Per quanto riguarda i rapporti tra Dell’Utri Marcello e Mangano Vittorio anche dopo l’allontanamento di questi da Arcore, un primo riferimento si ricava dalle dichiarazioni dibattimentali di Calderone Antonino, uomo d’onore della “famiglia” di Catania fin dai primi anni ’60. Calderone ha riferito di essersi recato più volte a Milano negli anni ‘70 per motivi strettamente connessi alla sua attività all’interno del sodalizio mafioso. In una di quelle occasioni egli aveva avuto modo di incontrare più volte Vittorio Mangano, conosciuto qualche tempo prima e subito presentatogli come uomo d’onore. In una occasione successiva incontrò anche Marcello Dell’Utri, presentatogli dal Mangano come il suo “principale”.
La “mafiosità’” di Vittorio Mangano è fuori di dubbio e si ha prove anche di un suo attivo coinvolgimento in un importante traffico di stupefacenti.

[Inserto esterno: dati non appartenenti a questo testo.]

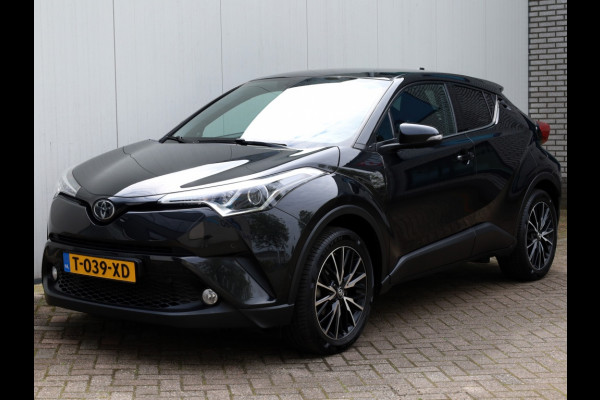 Toyota C-HR 1.2 Executive | Navi | Half Leder | Park-Assist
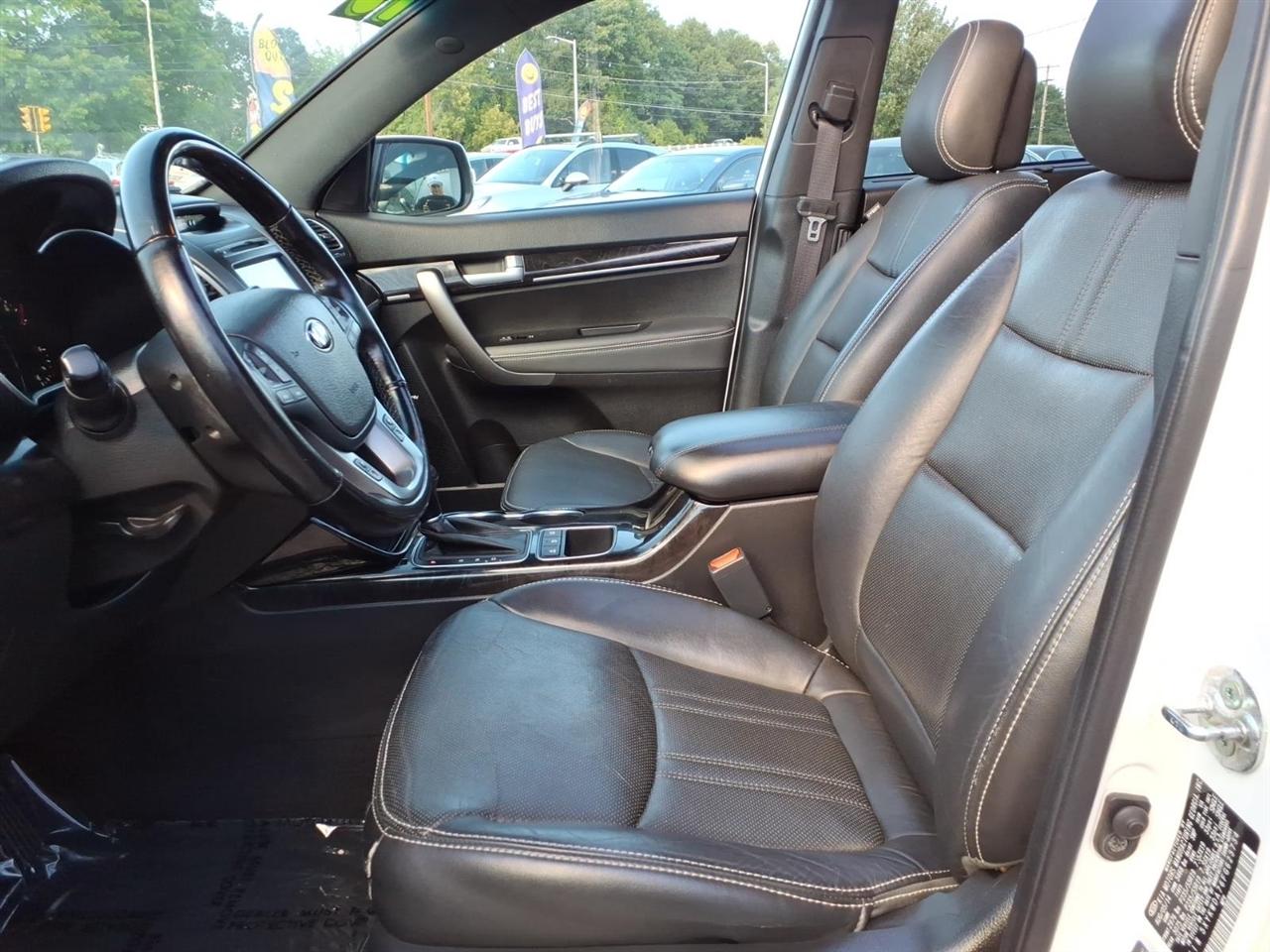 Kia Sorento  2015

Nel maggio 1980 Mangano veniva tratto in arresto ad Arcore, su segnalazione della Questura di Palermo, nell’ambito di una vasta operazione che vedeva coinvolti numerosi importati personaggi inseriti in “cosa nostra” palermitana; da questa indagine scaturiva il processo a carico di Spatola Rosario istruito dal dr. Giovanni Falcone. In questi procedimenti è stato messo in luce il ruolo di primo piano rivestito da Mangano quale insostituibile tramite di collegamento della mafia tra Milano e Palermo.

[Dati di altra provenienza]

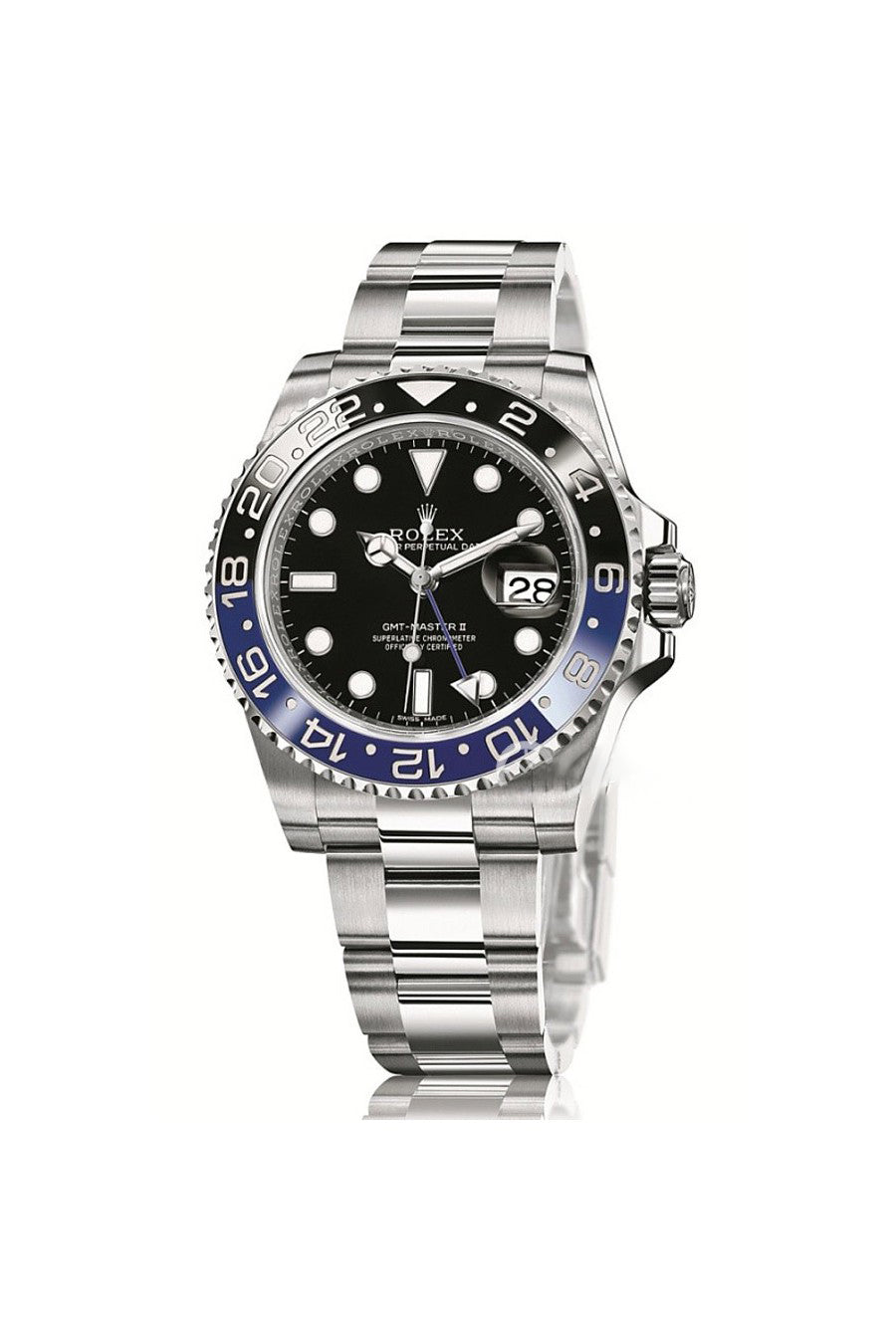 Rolex Perpetual GMT-Master II -BLRO Series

Esaminando il contenuto delle intercettazioni, il Tribunale di Palermo metteva in rilievo il fatto di come, in tutte le conversazioni, gli imputati, nell’intento di rendere incomprensibile l’oggetto dei loro accordi, avessero adottato quella terminologia criptica e convenzionale che risultava loro congeniale perché tipica e propria dell’attività commerciale svolta da ciascuno di essi. In particolare Vittorio Mangano aveva ritenuto di potere camuffare i traffici illeciti usando espressioni riferibili al commercio di cavalli. Un riferimento a quelle indagini si rinviene nella intervista rilasciata il 21 maggio 1992 dal dr. Paolo Borsellino ai giornalisti Fabrizio Calvi e Jean Pierre Moscardo. In dibattimento il Pubblico Ministero ha prodotto la cassetta contenente la registrazione originale di quella intervista che, nelle precedenti versioni, aveva subito, invece, evidenti manipolazioni. Trattatasi dell’ultima intervista concessa dal magistrato prima di essere ucciso, il 19 luglio 1992, insieme a cinque uomini della sua scorta. In questa intervista il magistrato si soffermava sulla “personalità” di Vittorio Mangano, uomo d’onore della famiglia di Pippo Calò, e faceva espresso riferimento alle conversazioni telefoniche, intercettate dagli inquirenti, nelle quali il Mangano parlava di “cavalli”.
Alla persona di Mangano Vittorio e al suo attivo inserimento nella organizzazione criminale “cosa nostra” hanno fatto riferimento numerosi collaboratori di giustizia i quali hanno reso dichiarazioni anche sulla sua collocazione all’interno degli ambienti mafiosi allora operanti a Milano.